**Working data**:
*** Begin section ***
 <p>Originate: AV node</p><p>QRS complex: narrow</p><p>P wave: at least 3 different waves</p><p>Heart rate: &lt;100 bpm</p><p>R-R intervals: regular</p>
*** End section ***
*** Begin section ***
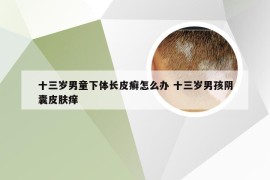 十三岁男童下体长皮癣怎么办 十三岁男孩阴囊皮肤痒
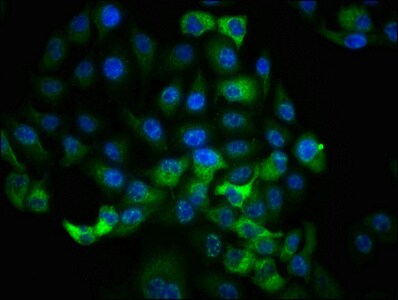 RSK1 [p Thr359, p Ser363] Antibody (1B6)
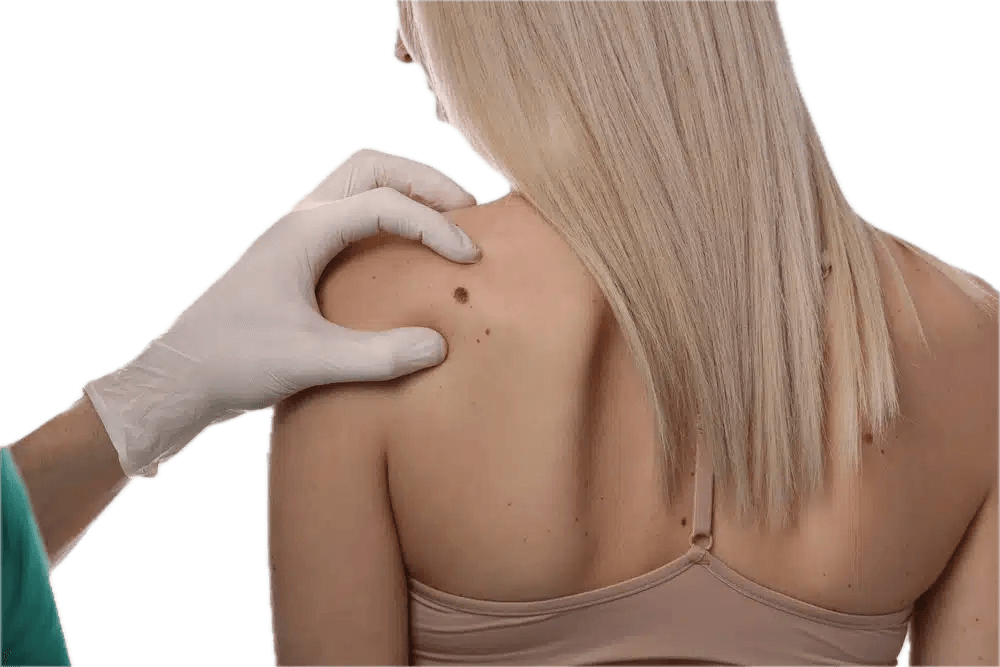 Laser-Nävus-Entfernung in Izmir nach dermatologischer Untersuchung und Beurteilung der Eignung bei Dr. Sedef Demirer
*** End section ***
*** Begin section ***
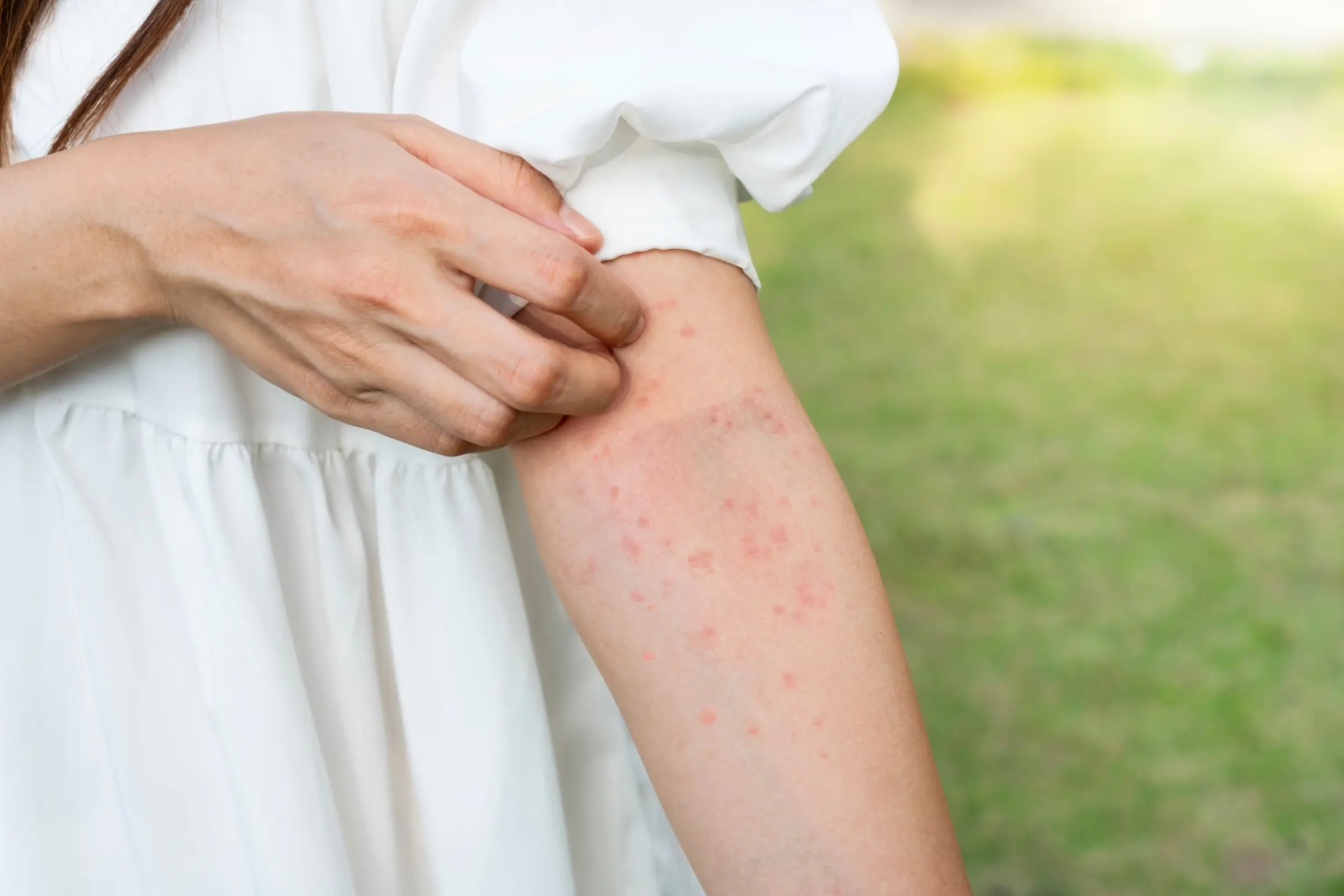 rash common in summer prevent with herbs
*** End section ***
**What the exercise asks**:
Copy only these lines from the records above, exactly: the one with "十三岁男童下体长皮癣怎么办 十三岁男孩阴囊皮肤痒", the one with "Laser-Nävus-Entfernung in Izmir", and those between. Skip the pictures.

**Completed task**:
 十三岁男童下体长皮癣怎么办 十三岁男孩阴囊皮肤痒
 RSK1 [p Thr359, p Ser363] Antibody (1B6)
 Laser-Nävus-Entfernung in Izmir nach dermatologischer Untersuchung und Beurteilung der Eignung bei Dr. Sedef Demirer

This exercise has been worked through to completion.